Run shrimp under cold water to thaw. Puree mango in a blender.

In a large wok or frying pan. Heat oil. Saute ginger, garlic and spices for a minute or two. Stir in coconut milk. Stir in clam juice. Stir in mango and lemon juice. Add veggies and cook to simmer until veggies are close to your liking. Stir in shrimp and cook for 5 minutes or until shrimp is pink.

Here is a link for Madras Curry Powder or you can try one part Tumeric with one part Chili Powder.

Wednesday, June 16, 2010

Ed's Portobello Burgers (SCD, GFCF)



This is also my submission for the Gluten-Free Homemaker's "Gluten-Free Wednesdays". In addition to Gluten-Free Wednesdays she also hold a monthy gluten-free challenge. The theme for this Wednesday and June is "Create a Burger". If you go to her site and click on her "Monthly Challenge" tab, she has ooodles of Gluten-Free recipes from these challenges. It's like a giant gluten-free recipe source. Very Cool!!!

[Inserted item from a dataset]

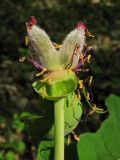 Paeonia caucasica. Завязавшийся плод. Краснодарский край, Абинский р-н, окр. станицы Шапсугская, дубово-грабовый лес. 28.04.2014.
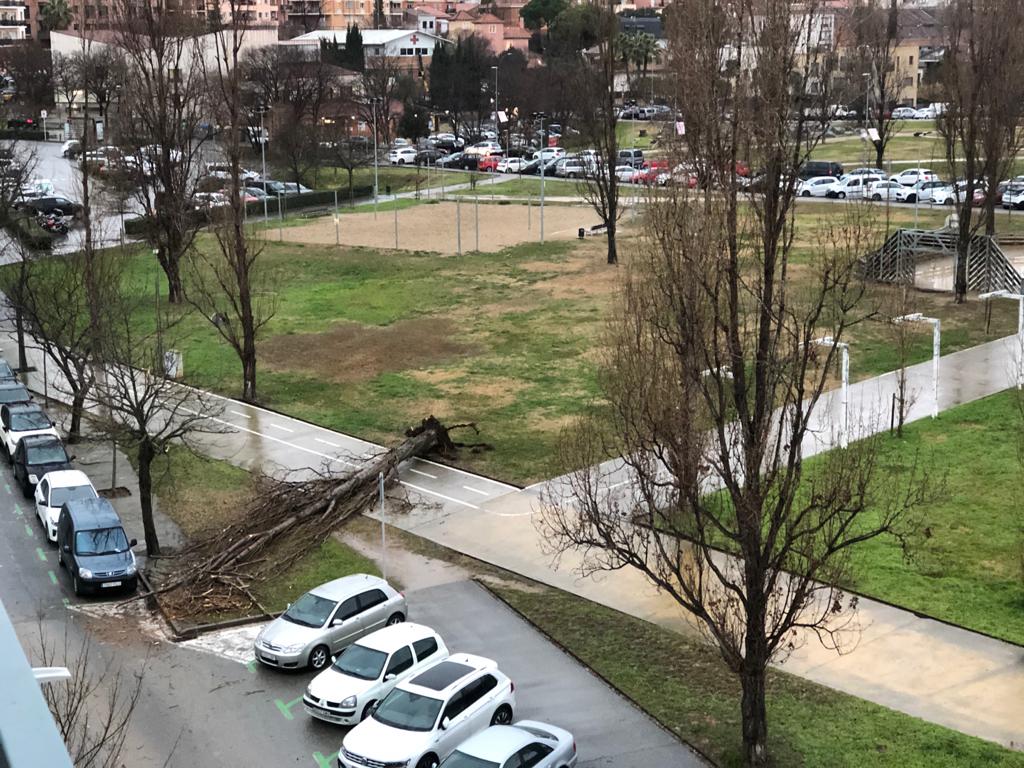 Un arbre caigut al Parc de Can Vernet FOTO: Carlos Beas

What ever happened to the "Men's Favorites" section in cookbooks? Why did it go away? I think it would have made more sense to keep that section and add another for "Women's Favorites". We could fill a section with chocolate and jewelry (although I'm much more fond of chocolate).

Here's a grilled He-Man burger for Father's Day. The portobello's make a moist and flavorful bun. These are Eddie's instructions:


Ground Meat for Burgers (season with salt and pepper)
Cheese slices (Optional)
Two Portobello Mushroom caps for each burger

Heat grill to 400 degrees. Form meat into patties. Grill patties and mushroom caps until desired doneness. The mushrooms do best if there is a top shelf. Top with cheese and serve.